> _What you are asked to do_
Repeat, exactly as they appear, the lines from the one with "Its unique selling" through the last line of the entries below, but none of the pictures.

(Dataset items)

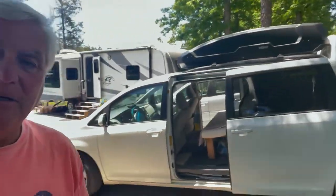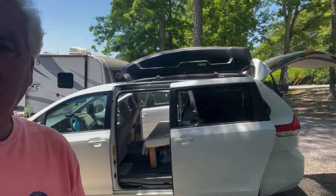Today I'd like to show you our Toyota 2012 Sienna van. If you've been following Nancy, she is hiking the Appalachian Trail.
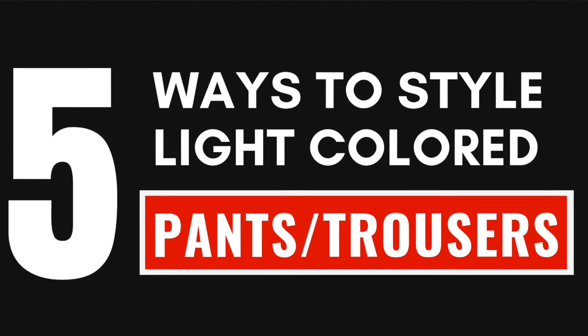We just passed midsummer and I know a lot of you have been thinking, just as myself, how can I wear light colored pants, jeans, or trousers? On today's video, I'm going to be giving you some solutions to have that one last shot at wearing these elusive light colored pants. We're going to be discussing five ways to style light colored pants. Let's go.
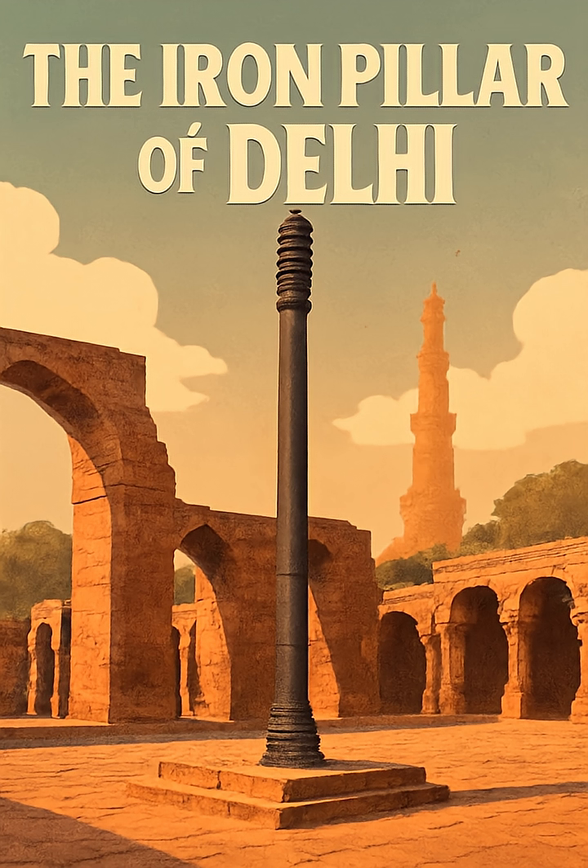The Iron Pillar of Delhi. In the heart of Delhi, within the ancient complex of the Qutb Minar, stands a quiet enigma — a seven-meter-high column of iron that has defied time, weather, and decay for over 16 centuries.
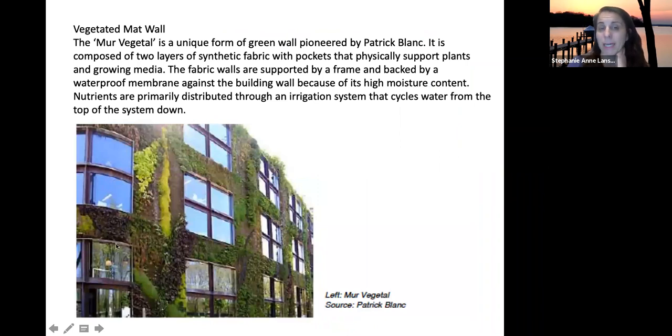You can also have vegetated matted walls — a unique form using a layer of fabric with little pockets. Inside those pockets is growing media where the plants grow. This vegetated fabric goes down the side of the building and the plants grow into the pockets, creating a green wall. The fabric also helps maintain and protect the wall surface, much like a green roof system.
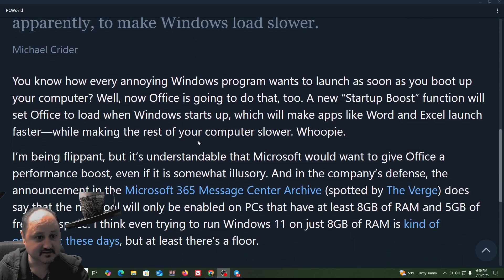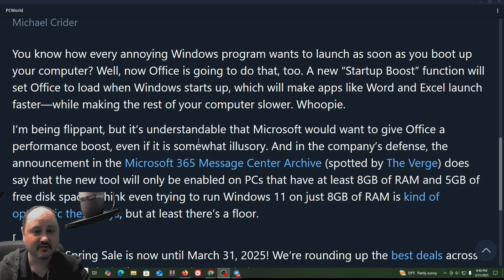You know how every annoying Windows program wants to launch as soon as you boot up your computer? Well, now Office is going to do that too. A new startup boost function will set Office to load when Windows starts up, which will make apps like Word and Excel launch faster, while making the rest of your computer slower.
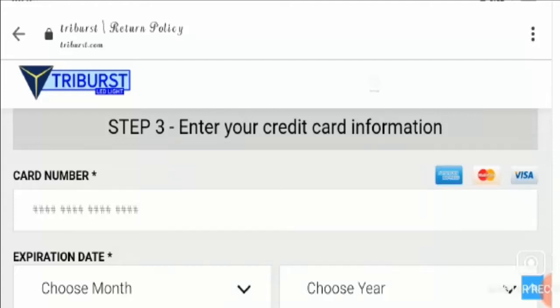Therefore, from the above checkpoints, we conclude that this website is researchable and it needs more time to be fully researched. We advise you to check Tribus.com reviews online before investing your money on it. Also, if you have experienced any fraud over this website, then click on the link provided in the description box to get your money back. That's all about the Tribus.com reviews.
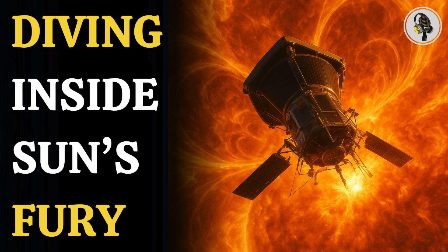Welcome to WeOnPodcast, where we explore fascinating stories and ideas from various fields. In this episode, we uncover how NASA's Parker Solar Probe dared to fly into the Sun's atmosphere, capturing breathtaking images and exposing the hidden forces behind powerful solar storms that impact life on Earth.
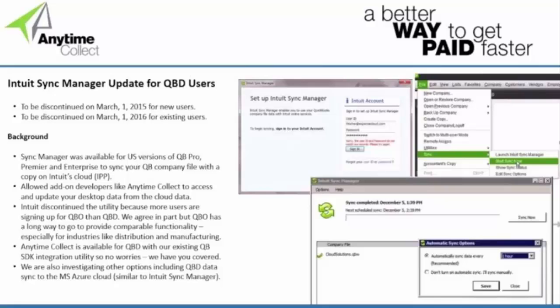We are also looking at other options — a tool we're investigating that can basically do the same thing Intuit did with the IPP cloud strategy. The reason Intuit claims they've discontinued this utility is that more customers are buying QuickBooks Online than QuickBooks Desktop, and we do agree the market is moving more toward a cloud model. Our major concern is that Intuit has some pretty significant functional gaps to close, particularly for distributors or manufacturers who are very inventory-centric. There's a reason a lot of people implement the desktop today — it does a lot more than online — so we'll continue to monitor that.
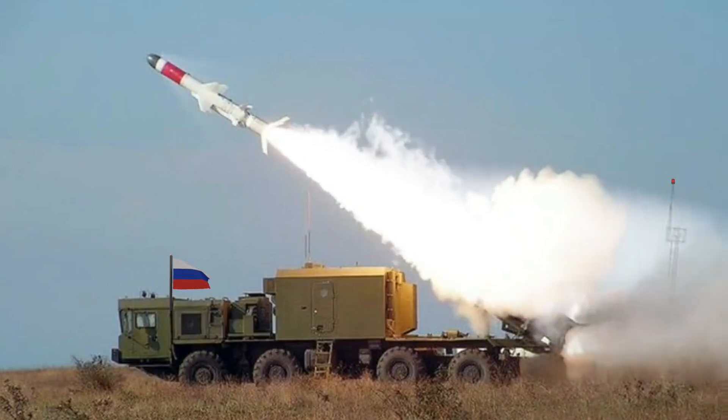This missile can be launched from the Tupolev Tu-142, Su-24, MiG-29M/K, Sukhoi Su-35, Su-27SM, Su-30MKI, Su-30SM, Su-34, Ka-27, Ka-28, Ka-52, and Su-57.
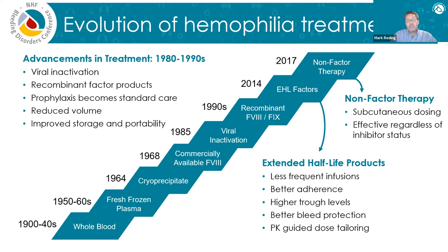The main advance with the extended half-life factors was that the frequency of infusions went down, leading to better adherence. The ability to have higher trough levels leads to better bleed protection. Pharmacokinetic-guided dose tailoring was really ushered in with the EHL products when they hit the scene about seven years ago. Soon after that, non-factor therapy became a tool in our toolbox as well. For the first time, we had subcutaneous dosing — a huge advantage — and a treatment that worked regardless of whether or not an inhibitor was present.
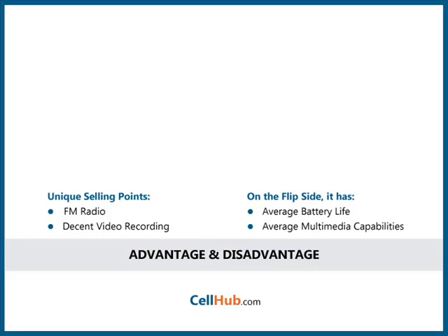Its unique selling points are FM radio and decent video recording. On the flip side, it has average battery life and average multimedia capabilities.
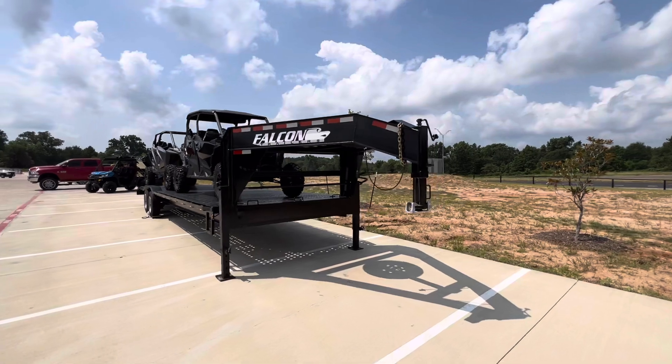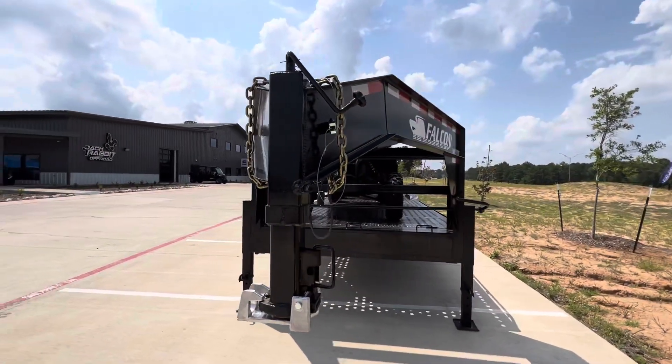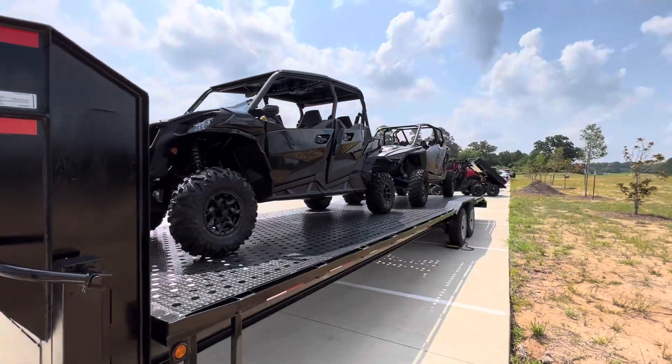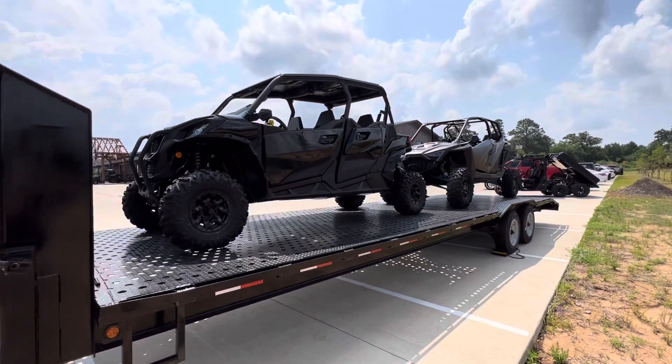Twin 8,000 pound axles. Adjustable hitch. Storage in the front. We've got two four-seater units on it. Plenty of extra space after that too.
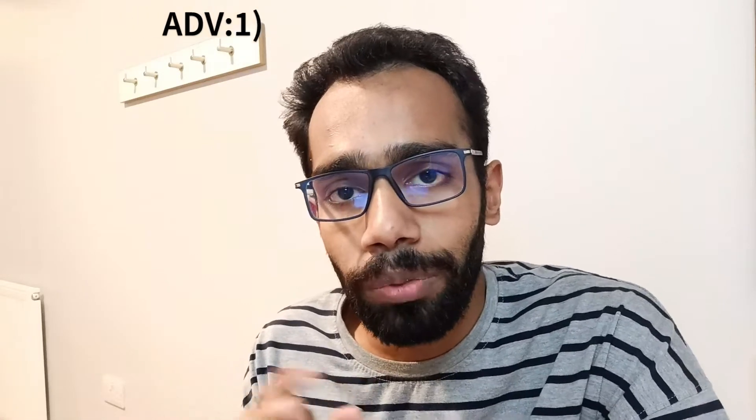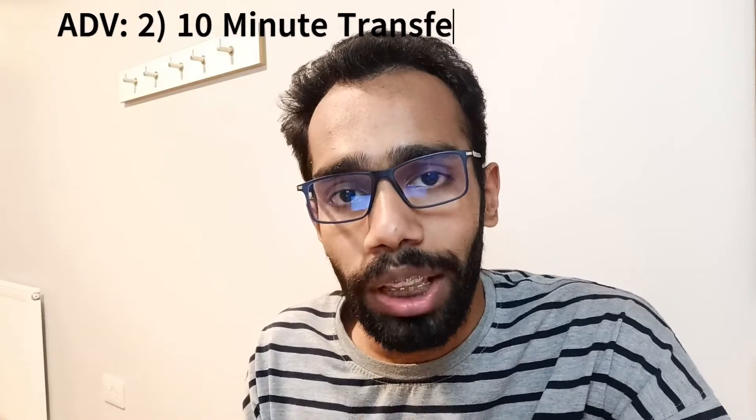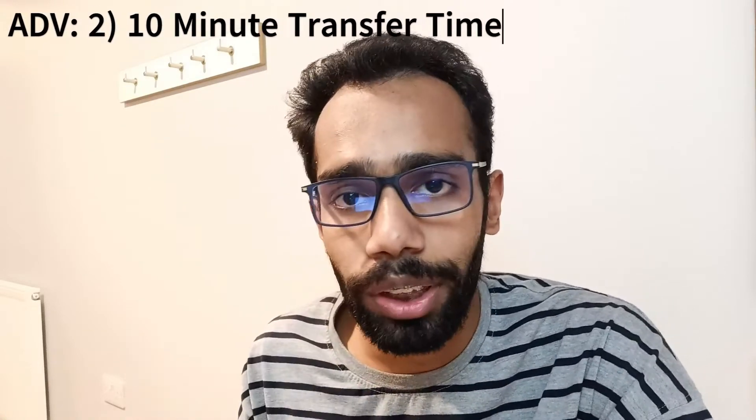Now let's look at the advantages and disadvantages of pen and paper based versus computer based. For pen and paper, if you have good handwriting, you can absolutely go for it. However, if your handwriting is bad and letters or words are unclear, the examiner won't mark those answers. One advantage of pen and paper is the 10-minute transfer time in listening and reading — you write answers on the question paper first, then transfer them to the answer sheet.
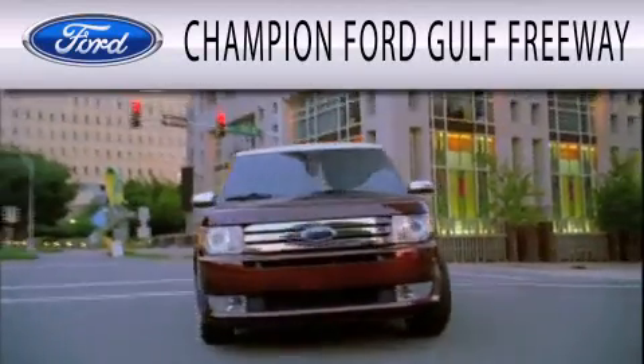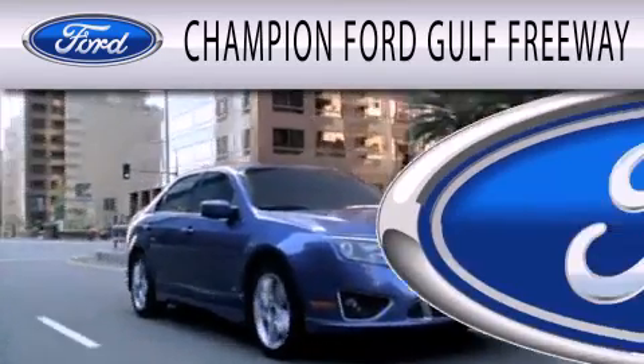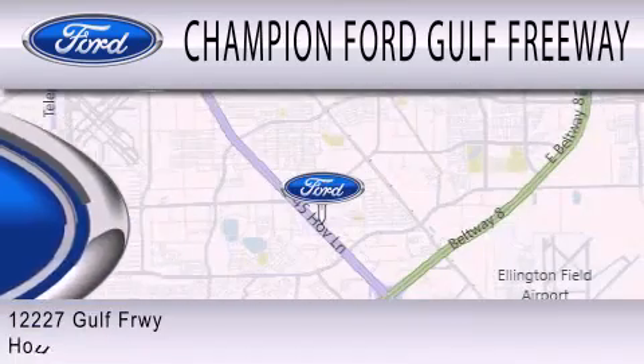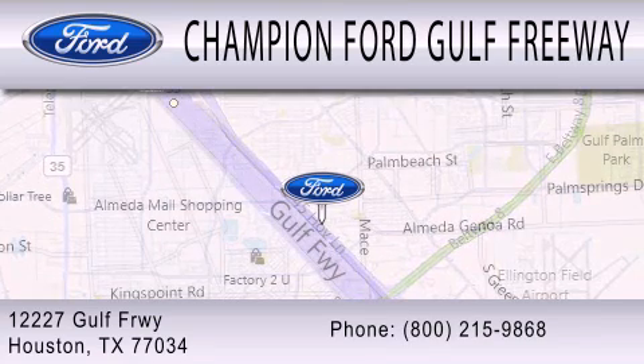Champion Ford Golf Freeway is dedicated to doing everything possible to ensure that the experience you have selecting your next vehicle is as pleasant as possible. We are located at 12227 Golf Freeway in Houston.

> _Output below_
Its unique selling points are FM radio and decent video recording. On the flip side, it has average battery life and average multimedia capabilities.
Twin 8,000 pound axles. Adjustable hitch. Storage in the front. We've got two four-seater units on it. Plenty of extra space after that too.
Now let's look at the advantages and disadvantages of pen and paper based versus computer based. For pen and paper, if you have good handwriting, you can absolutely go for it. However, if your handwriting is bad and letters or words are unclear, the examiner won't mark those answers. One advantage of pen and paper is the 10-minute transfer time in listening and reading — you write answers on the question paper first, then transfer them to the answer sheet.
Champion Ford Golf Freeway is dedicated to doing everything possible to ensure that the experience you have selecting your next vehicle is as pleasant as possible. We are located at 12227 Golf Freeway in Houston.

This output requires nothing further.